McCurry attended Penn State, graduating in 1974 before working at a small town newspaper in Pennsylvania for two years. He left in 1978 to begin his journey as a freelance photojournalist in India. This would mark the start of a career that would span six continents and record innumerable iconic moments that have defined conflict photojournalism for the 20th century.
The first warzone McCurry photographed was in Afghanistan. After smuggling himself across the Pakistani border, McCurry took now-iconic photos of the Soviet invasion of Afghanistan. He smuggled rolls of film by sewing them into his clothing. These images, full of intense colors and imagery, would be published by The New York Times, Time, and Paris Match. That year, 1980, he won the Robert Capa Gold Medal for Best Photographic Reporting from Abroad.

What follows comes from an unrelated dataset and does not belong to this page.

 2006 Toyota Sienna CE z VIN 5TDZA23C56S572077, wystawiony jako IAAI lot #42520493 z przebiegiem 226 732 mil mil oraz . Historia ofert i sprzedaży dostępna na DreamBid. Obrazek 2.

December of 1984 would bring us the defining image of Steve McCurry, Afghan Girl. McCurry traveled to a refugee camp in Pakistan where he met Sharbat Gula in a one-room school for girls. "I noticed this one little girl with these incredible eyes, and I instantly knew that this was really the only picture I wanted to take," McCurry said in an interview. It was the first time the girl had ever been photographed.
This striking image is now an indelible part of our collective history. Used on the cover of National Geographic for the June 1985 issue, Afghan Girl has also been used on Amnesty International brochures and posters, humanizing the cost of conflict in a way that is both beautiful and haunting. This image has been called “the most recognized photograph” in the history of National Geographic.
It is through Afghan Girl that we can see the lens with which McCurry views the world, subjects as people rather than as political movements. It is why McCurry’s work transcends traditional photojournalistic work to become art.
“Most of my images are grounded in people,” says McCurry. “I look for the unguarded moment, the essential soul peeking out, experience etched on a person’s face. I try to convey what it is like to be that person, a person caught in a broader landscape, that you could call the human condition.”